Prepping the launch pad for his cancer moonshot initiative, Vice President Joe Biden held a roundtable discussion at Memorial Sloan Kettering yesterday with nine members of the New York City cancer community, including several MSK doctors and nurses. MSK President and CEO Craig Thompson moderated the conversation.
The visit was the latest in Mr. Biden’s efforts to “change cancer as we know it” through an ambitious national effort dubbed the cancer moonshot. “We’re thrilled that you agreed to be at mission control,” Dr. Thompson said in his opening remarks.
During the hour-long conversation, the vice president homed in on several key topics that have emerged since President Barack Obama announced the moonshot initiative earlier this year: increasing access to and enrollment in clinical trials, collecting and sharing cancer data, and breaking down barriers to scientific collaboration.
Sharing the Wealth
Noting that most cancer patients in the United States receive care in their local communities, the vice president asked the assembled guests what creative approaches they are taking to bring the latest cancer insights to the community setting.

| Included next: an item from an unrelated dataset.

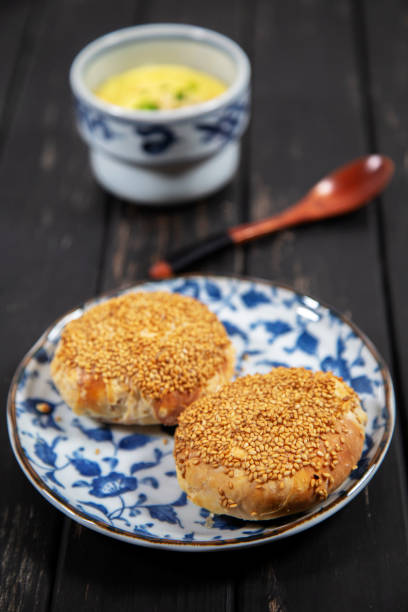 istock Chinese traditional sesame flaky pastry and  steamed egg custard 1130618570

MSK gynecologic surgeon Carol Brown pointed to efforts to enlist community oncologists as co-investigators on clinical studies. She said this would help to increase both awareness and incentives to enroll patients in clinical trials — thereby addressing the gap in care that can separate academic medical centers from community oncologists. Dr. Thompson offered up MSK’s growing network of outpatient locations in New Jersey, Westchester, and Long Island as another way MSK has sought to elevate the quality of care in the community setting.
Dr. Brown, who is Director of MSK’s Office of Diversity Programs in Clinical Care, Research, and Education, also discussed efforts to reduce disparities in healthcare outcomes among minorities by increasing the percentage of minority populations that enroll in clinical trials. She noted that trials offer some of the most promising therapeutic options, yet rates of participation, especially in underserved and minority communities, are low.
Nationally, the average patient enrollment on clinical trials is 3 to 5%. At MSK, nearly one-third of patients participate in clinical trials. One way MSK has managed to achieve such high levels of enrollment is through efforts to automatize the process that alerts doctors to possible trials for their patients. Dr. Thompson told the vice president that MSK leaders including Physician-in-Chief José Baselga, physician-scientist Charles Sawyers, and head of clinical research Paul Sabbatini would be on board to help disseminate this model to other centers.
Data Tsunami
For about three decades, National Cancer Institute–designated cancer centers — comprised of MSK and 68 other academic centers — have helped to shape and distribute best care practices to the wider oncology community. The challenge in recent years, as Dr. Thompson noted, is the “tsunami” of new information emerging every day that could potentially change clinical practice. Guidelines issued in print and updated every six months often are outdated as soon as they are published.
Potential solutions to this quandary are systems designed to analyze large data sets and distill simple lessons. MSK’s partnership with IBM Watson and its participation in Project GENIE are two such efforts. Another is Flatiron Health, with which MSK is also collaborating. Flatiron founder Nat Turner, who participated in the roundtable, noted that big data systems are equipped to help answer some of the most burning questions in oncology today, such as why only a small subset of patients respond to current immunotherapy drugs.
According to Mr. Turner, no one institution — including MSK — has enough information to be able to answer this question. That’s why his company has recently partnered with the Food and Drug Administration to gain access to data from thousands of patients at multiple centers. Mr. Turner believes that solving this problem in immunotherapy is where “big data” is going to have some of its first big breakthroughs.
Be More Like NASA
Near the end of the roundtable discussion, Mr. Biden returned to a topic obviously close to his heart: data sharing. He reported being “stunned” to find out how many barriers currently hinder the free sharing of information among researchers and centers. He pointed to pay walls at scientific journals that put the results of publically funded research out of reach of those unable or unwilling to pay, and to duplicative research efforts at different centers that seemingly reinvent the wheel. He contrasted this situation with that of astronomers who routinely collaborate on common goals and share their data freely and immediately — a fitting comparison, given the moonshot analogy.
The vice president ended the roundtable with a warning and a request: “We don’t go away easily,” he said. “We’ll be calling and asking for help.”
Earlier in the day, Mr. Biden took a tour of leukemia researcher Ross Levine’s lab at MSK. Dr. Levine’s lab is one of several that make up a new Center for Epigenetics Research at MSK. Epigenetics, MSK scientists believe, has the potential to revolutionize the treatment of several cancers, including leukemia.
Complete list of roundtable participants: Syndy Benjamin, Joe Biden, Carol Brown, Jill O’Donnell-Tormey, Sue Posthumus, Robert Sidlow, Mary Solomon, Mark Souweidane, Craig Thompson, Nat Turner
Additional reporting contributed by Julie Grisham.